§ Stored data

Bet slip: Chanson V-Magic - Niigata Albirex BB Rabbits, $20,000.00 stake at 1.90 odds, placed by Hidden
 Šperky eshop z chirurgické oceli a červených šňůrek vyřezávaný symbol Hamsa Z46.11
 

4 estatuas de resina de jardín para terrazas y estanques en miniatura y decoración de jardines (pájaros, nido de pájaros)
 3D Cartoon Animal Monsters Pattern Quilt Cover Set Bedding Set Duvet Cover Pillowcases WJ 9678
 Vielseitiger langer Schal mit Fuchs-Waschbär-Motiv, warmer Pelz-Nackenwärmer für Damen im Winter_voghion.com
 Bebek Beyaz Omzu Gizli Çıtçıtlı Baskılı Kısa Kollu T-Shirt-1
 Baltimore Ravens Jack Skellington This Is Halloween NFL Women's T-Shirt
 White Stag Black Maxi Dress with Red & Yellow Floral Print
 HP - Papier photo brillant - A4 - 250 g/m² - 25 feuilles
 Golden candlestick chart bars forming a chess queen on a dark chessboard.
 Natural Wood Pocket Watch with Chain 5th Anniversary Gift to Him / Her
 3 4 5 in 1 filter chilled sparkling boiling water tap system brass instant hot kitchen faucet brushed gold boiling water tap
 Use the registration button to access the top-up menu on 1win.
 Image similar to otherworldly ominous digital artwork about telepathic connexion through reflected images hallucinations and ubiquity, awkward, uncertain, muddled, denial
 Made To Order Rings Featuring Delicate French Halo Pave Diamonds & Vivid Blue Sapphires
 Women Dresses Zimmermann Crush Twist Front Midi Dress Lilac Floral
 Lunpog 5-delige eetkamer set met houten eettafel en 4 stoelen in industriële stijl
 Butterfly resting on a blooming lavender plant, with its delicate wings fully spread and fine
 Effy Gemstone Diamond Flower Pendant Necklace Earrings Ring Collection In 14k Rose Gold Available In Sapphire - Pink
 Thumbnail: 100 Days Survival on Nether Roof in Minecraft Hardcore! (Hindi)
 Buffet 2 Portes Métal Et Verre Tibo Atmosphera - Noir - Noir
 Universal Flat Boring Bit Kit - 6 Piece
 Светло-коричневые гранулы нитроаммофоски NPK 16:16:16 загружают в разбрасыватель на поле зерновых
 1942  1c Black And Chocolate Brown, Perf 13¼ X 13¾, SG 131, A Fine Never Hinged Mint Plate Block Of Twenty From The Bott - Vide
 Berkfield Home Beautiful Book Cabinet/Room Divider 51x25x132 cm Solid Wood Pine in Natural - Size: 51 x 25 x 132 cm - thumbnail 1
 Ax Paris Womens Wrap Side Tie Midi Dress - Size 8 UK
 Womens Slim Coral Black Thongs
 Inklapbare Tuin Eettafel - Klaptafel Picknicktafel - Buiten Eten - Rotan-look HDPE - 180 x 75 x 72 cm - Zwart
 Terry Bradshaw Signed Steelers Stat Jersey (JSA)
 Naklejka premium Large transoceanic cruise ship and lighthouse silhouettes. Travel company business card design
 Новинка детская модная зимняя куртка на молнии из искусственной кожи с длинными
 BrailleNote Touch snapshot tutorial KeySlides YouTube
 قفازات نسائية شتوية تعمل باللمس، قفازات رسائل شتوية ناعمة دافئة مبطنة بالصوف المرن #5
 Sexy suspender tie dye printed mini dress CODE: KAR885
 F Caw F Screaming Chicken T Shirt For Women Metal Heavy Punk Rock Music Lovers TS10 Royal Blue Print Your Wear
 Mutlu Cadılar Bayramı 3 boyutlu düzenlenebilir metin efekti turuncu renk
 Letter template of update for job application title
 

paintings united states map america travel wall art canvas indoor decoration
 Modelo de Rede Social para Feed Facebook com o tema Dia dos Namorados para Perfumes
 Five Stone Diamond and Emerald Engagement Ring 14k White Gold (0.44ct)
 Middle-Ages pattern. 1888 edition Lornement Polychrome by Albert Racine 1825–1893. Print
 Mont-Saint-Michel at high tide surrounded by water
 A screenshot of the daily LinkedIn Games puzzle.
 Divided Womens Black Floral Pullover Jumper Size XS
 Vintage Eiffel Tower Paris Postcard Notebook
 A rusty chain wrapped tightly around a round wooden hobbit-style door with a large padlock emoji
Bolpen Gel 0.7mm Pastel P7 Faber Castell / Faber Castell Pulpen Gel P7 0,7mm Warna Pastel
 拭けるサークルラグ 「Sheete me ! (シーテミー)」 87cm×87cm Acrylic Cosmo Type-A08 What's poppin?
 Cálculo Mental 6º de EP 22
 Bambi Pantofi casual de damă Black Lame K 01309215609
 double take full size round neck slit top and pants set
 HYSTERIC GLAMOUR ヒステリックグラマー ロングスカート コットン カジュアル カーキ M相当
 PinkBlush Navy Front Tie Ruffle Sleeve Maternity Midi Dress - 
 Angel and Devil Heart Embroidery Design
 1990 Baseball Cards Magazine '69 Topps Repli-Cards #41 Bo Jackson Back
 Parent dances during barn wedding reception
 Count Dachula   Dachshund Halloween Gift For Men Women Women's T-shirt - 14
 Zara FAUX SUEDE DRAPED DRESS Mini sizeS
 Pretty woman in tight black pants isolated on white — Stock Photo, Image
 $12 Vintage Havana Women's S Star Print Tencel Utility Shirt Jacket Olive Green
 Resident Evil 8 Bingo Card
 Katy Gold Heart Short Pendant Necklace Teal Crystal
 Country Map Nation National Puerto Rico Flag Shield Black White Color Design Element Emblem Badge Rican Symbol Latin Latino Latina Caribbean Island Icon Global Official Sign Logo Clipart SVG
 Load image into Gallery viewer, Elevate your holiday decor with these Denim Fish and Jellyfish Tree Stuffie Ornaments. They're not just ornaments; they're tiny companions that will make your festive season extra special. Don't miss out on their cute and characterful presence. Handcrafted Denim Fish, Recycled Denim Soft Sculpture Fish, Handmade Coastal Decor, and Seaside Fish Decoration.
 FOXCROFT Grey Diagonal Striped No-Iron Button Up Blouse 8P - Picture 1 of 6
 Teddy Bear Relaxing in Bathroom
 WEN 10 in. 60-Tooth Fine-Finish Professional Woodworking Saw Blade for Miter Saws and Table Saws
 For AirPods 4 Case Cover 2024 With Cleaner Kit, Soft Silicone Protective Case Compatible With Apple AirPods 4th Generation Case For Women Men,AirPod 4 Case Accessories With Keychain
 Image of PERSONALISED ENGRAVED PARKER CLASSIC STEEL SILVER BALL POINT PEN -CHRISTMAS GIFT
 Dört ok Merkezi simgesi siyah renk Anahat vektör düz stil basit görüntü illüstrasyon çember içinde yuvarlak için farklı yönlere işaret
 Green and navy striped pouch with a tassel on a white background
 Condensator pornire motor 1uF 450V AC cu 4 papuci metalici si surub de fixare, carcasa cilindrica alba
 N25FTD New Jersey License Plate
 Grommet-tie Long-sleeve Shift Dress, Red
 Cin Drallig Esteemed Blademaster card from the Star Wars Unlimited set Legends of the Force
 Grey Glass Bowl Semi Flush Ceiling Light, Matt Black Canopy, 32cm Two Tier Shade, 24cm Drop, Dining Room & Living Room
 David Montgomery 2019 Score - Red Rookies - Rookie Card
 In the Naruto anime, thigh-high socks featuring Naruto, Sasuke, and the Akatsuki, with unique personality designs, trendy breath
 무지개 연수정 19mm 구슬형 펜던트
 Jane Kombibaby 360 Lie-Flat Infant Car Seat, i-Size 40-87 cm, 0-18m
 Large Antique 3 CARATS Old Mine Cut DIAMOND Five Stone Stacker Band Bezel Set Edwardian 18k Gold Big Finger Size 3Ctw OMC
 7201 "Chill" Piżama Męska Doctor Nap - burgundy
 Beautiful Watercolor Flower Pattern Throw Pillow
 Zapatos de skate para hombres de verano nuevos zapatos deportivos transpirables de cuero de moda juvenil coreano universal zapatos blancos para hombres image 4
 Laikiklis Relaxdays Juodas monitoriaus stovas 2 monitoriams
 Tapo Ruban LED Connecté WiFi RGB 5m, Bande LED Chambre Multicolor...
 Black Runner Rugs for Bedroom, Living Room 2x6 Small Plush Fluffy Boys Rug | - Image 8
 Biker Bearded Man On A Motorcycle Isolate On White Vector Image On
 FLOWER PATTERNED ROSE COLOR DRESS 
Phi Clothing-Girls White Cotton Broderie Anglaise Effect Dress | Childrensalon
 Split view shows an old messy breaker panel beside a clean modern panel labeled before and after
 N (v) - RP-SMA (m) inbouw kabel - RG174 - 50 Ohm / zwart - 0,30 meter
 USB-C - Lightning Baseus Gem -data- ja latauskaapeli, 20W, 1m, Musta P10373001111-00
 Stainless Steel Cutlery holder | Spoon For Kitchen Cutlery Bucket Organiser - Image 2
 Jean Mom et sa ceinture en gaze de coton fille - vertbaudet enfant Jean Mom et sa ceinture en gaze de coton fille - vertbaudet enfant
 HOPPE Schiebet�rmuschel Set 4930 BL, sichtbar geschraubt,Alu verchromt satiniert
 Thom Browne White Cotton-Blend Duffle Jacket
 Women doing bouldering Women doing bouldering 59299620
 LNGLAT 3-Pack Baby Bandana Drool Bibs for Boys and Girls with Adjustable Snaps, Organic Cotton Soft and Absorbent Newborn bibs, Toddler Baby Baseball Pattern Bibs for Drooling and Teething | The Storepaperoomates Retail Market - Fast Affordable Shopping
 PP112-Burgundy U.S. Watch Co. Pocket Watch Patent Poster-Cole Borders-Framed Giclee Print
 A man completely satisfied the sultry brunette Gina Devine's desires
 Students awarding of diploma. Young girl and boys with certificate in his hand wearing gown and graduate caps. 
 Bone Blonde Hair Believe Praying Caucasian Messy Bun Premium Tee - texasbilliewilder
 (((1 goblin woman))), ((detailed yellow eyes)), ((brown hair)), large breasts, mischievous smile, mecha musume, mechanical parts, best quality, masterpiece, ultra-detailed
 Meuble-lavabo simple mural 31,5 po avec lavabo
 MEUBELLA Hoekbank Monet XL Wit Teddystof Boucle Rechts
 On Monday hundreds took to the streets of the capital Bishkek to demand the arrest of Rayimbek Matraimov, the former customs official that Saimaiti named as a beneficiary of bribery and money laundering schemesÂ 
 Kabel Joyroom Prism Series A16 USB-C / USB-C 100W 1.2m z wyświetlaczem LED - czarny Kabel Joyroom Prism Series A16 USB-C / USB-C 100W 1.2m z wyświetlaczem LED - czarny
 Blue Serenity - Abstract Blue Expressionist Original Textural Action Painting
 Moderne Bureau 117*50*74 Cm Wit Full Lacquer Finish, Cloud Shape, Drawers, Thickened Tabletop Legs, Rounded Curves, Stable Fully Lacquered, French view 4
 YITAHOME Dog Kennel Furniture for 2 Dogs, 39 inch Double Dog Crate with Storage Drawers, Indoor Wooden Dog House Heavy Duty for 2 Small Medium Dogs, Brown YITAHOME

§ What to do
Beginning at the line above that contains "Jane Kombibaby 360", return each line exactly through the line that contains "Laikiklis Relaxdays Juodas", and no others.

§ Answer box
 Jane Kombibaby 360 Lie-Flat Infant Car Seat, i-Size 40-87 cm, 0-18m
 Large Antique 3 CARATS Old Mine Cut DIAMOND Five Stone Stacker Band Bezel Set Edwardian 18k Gold Big Finger Size 3Ctw OMC
 7201 "Chill" Piżama Męska Doctor Nap - burgundy
 Beautiful Watercolor Flower Pattern Throw Pillow
 Zapatos de skate para hombres de verano nuevos zapatos deportivos transpirables de cuero de moda juvenil coreano universal zapatos blancos para hombres image 4
 Laikiklis Relaxdays Juodas monitoriaus stovas 2 monitoriams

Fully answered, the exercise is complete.